“We must ensure that the tax on the banks’ extra profits can be deductible and confirm that it is a one-off,” Tajani said at the Versiliana event in Marina di Pietrasanta on the Tuscan coast.
“And ‘territory (smaller local) banks’ must be excluded from the measure: these are three important points, so that the measure can be fair.”
For this reason, he concluded, “we will present amendments in Parliament and I believe that an agreement can be found, because we believe that a well-written rule can help families, businesses, consumers and small shareholders and not put the system in difficulty”.
FI was one of the government partners that criticised the measure, which Prime Minister Giorgia Meloni has claimed as her own.

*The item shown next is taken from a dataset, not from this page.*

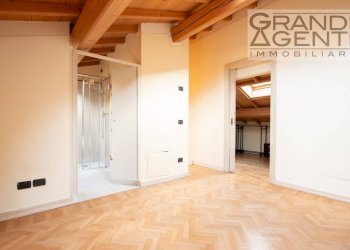 Foto 9 - Ufficio via galileo galilei
 
2, Peschiera del Garda - foto 9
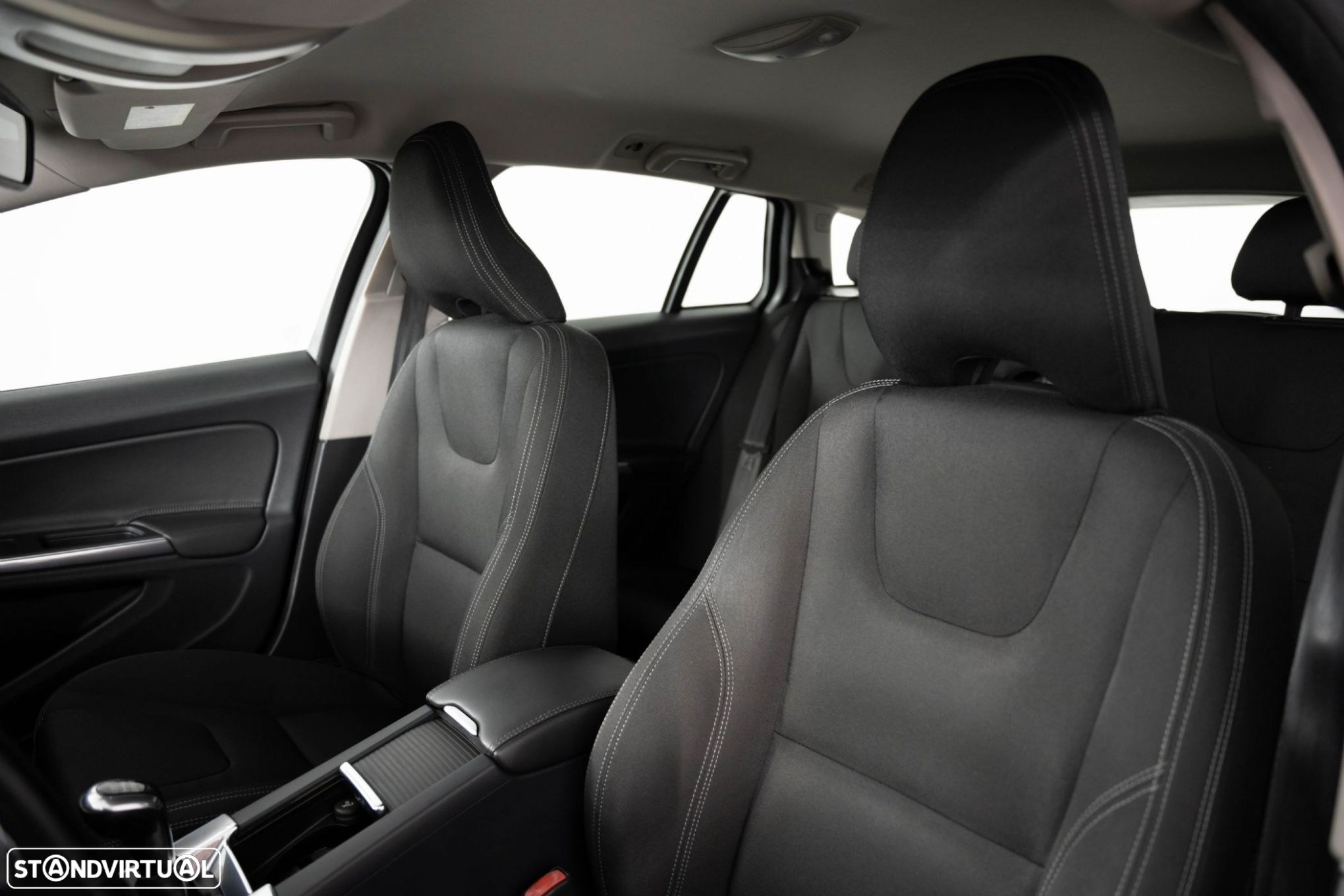 Volvo V60 2.0 D4 Kinetic - 8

Tajanai also said the government should “stabilise” a 7 per cent cut to the labour tax wedge.
“[We should also] progressively detax 13th month bonuses, overtime, production bonuses, holiday and Sunday work,” he said at an event on the north Tuscan coast.
The government has highlighted the benefits of the move and has argued against introducing a minimum wage as advocated by the opposition.
In his speech, Tajani also claimed it was a “very serious mistake” on the part of the West to let former Libyan leader Muammar Gaddafi be killed after an uprising in the Arab Spring in 2011, because his death unleashed instability in the north African nation.
“... he may not have been the champion of democracy, but once he was finished, political instability arrived in Libya and Africa”, Tajani offered in response to a question by conservative journalist Alessandro Sallusti at the Versiliana midsummer forum.
Gaddafi, who presided over a rapprochement with Italy, was killed by rebels on October 20, 2011.